Thoughts on a Holiday
An alternative take on Memorial Day, focusing on why so many brave men were put in a position to make the ultimate sacrifice, from Jim Bovard via Bill St. Clair:
***
I stopped by the Visitors Center at Manassas Battlefield Park last month and was struck by a quote capturing Georgia private B. M. Zettler’s reaction to being enmeshed in the battle of Bull Run:
“I felt that I was in the presence of death. My first thought was, ‘This is unfair - someone is to blame for getting us all killed. I didn’t come here to fight this way…’
An excellent sentiment - one that should not be forgotten on Memorial Day. It would have been fairer if the politicians had been in the front lines on both sides at Manassas.
Sheldon Richman, the editor of The Freeman, proposes renaming Memorial Day as Revisionist History Day. General Patton said that an ounce of sweat can save a pint of blood. Similarly, a little reading and thinking this time of year can save a heap of grave digging in the future.
Sacralizing the war dead usually results in exonerating the politicians. Rather than parades, it would be better to celebrate this holiday like the British used to celebrate Guy Fawkes Day - by burning politicians in effigy, or a reasonable facsimile...
***
I spent my thinking time this Memorial Day wondering if the American military men and women who have died in combat for this country sacrificed themselves for:
- A Congress that routinely violates its enumerated powers under Article I, Section 8 of the US Constitution;
- An Executive Branch whose occupants, from Abraham Lincoln to Franklin Roosevelt to Barack Obama, have also routinely violated the constitutional limitations on Presidential power found in Article II, Section 2;
- A morass of regulatory agencies whose self-promulgated regulations at the Federal level alone runs, as of the 2006 edition, at a mere 69,428 pages (and yes, Virginia, there are also separate regulatory agencies in every state and in many local governments); or
- The creation of an American national surveillance state, whereby information regarding millions of Americans' everyday activities is collected, sorted, and analyzed for a myriad of purposes, each of which is not authorized by either Article I or Article II of the Constitution?
I think not.
Based on the historical record of the past 220 years, I believe that the Constitution has failed utterly in its sole purpose -- to protect individual freedom and political liberty by restraining the powers of the central Federal government. As Judge Andrew Napolitano noted in his recent book The Constitution in Exile and Thomas DiLorenzo reiterated in this article:
"Between 1937 and 1995, not a single federal law was declared unconstitutional by the Supreme Court. Not one piece of legislation was seen as exceeding the scope of Congress’s commerce power."

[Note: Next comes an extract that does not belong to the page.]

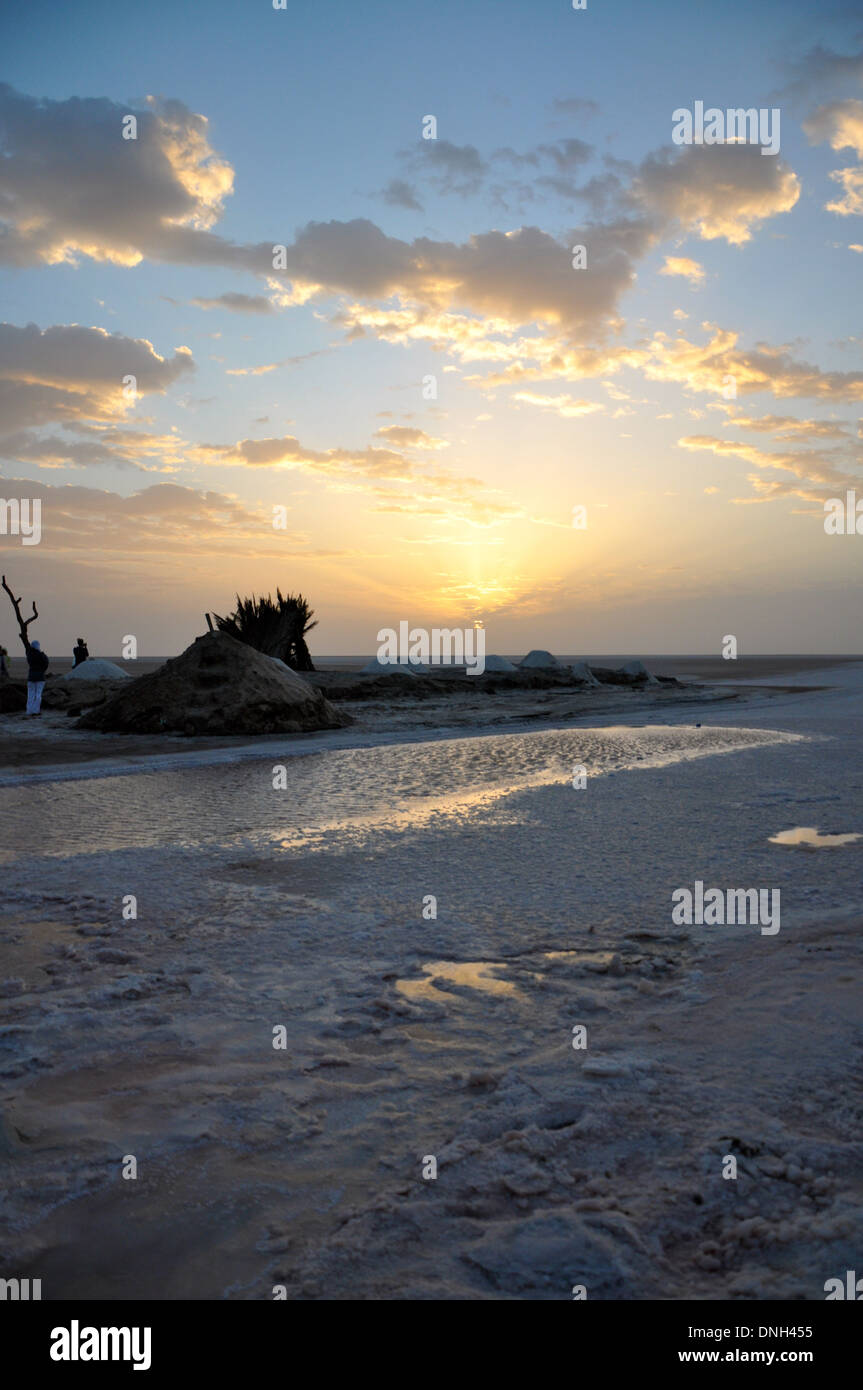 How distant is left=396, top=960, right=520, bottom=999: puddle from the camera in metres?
2.93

Does that sound like an effective check on government's natural tendency to expand ever more voraciously?
To those who believe that today's problems stem from failing to regard the Founders' original document, I would remind them that that the scope of the original document far exceeded the authority of the convention that drafted it. The Constitutional Convention of 1787 was convened "for the sole and express purpose of revising the Articles of Confederation", not to create a whole new government of the United States. For more info on that point, see generally this record of the proceedings of the Continental Congress.
In other words, the Constitution itself, by the very circumstances of its birth, is an example of how government and the ambitious folks who populate such bodies have an insatiable desire for ever more power.

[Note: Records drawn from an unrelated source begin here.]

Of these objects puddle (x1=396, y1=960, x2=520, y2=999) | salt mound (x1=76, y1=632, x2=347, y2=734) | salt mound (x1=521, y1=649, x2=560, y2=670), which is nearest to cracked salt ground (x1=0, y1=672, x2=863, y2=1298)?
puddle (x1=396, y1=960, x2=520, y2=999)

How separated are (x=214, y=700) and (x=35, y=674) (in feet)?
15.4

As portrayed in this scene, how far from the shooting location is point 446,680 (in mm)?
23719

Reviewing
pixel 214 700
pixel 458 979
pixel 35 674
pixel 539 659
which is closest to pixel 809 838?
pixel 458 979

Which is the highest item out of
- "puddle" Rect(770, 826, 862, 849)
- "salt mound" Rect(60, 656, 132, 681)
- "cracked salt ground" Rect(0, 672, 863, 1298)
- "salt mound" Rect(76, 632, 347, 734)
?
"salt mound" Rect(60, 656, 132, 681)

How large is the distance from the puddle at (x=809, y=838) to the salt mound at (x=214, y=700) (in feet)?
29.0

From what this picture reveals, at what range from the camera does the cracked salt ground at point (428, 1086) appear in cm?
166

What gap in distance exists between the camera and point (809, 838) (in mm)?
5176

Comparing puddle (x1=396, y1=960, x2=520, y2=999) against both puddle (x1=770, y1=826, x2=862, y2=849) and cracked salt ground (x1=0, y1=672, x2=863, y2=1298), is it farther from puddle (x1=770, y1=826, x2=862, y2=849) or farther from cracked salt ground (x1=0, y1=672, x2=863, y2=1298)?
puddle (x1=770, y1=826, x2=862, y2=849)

The original document also had no list of guarantees of individual rights; only when such a list was proposed for addition via amendment was the Founding Generation willing to ratify the Constitution. Even more tellingly, the original document, even when expanded by its first ten amendments, still allowed for chattel slavery and prohibitions on female suffrage. It took twelve more decades to rectify those fundamental errors, by which time other metastases had occurred, both within the Constitution and by legislative action.

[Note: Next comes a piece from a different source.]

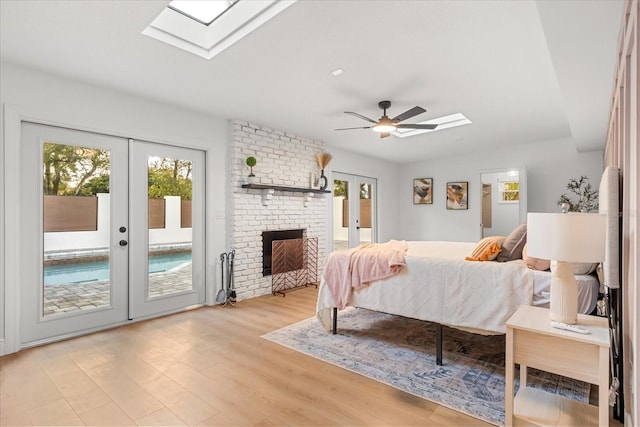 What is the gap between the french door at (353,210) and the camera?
6770 millimetres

To those who assert that we, the American people, have failed, rather than the document itself, I would partly agree, while noting that only an ineptly-drafted agreement would have breach and penalty provisions so flaccid as those found in Article II, section 4.
To give just one example, let's assume that a group of Senators exceeded their powers under Article I. Is it rational that the only remedy for that breach is the election jeopardy that each Senator might face in his or her own state? What if the Article I breach actually benefited the home states of the offending Senators, say by the award of contracts, military bases, or other kickbacks? Doesn't the Constitution and its absence of effective enforcement mechanisms, especially in the wake of the 17th Amendment, actually encourage enumerated-powers violations?
Is such an impotent document truly the device by which the American people were to be protected from tyranny?
Does anyone really believe that any piece of paper can actually thwart the tendency of many humans towards plunder and other forms of evil?
To David's evisceration last week of a law prof's foolish idea about a new constitutional convention, I posted the following comment:
To quote Ms. Rand, "Check your premises."
To wit, we have a statist/Marxist constitutional law professor in the White House. He is violating the enumerated powers of the President listed in Article II, section 2 of the Constitution by his and his subordinates' actions in the Chrysler secured debt cramdown and other aspects of the so-called "economic stimulus program."
The constitutional law professor in the White House is committing these unconstitutional acts with the aid and comfort of both houses of the Congress, who are:
a) also violating the enumerated powers of the Congress pursuant to Article I, section 8 of the Constitution by their ongoing passage of numerous unconstitutional laws, as well as
b) failing to commence impeachment proceedings, pursuant to Article II, section 4, against the President for violations of the Article II, section 2 limitations on his power.
You now have center-right law professors such as Barnett and Glenn Reynolds [see, e.g., this entry and this entry] supporting a de facto rewrite of the Constitution via a constitutional convention, which, as Stewart points out above, will quickly turn into a rout, in whole and in part, of all freedom-oriented points of view.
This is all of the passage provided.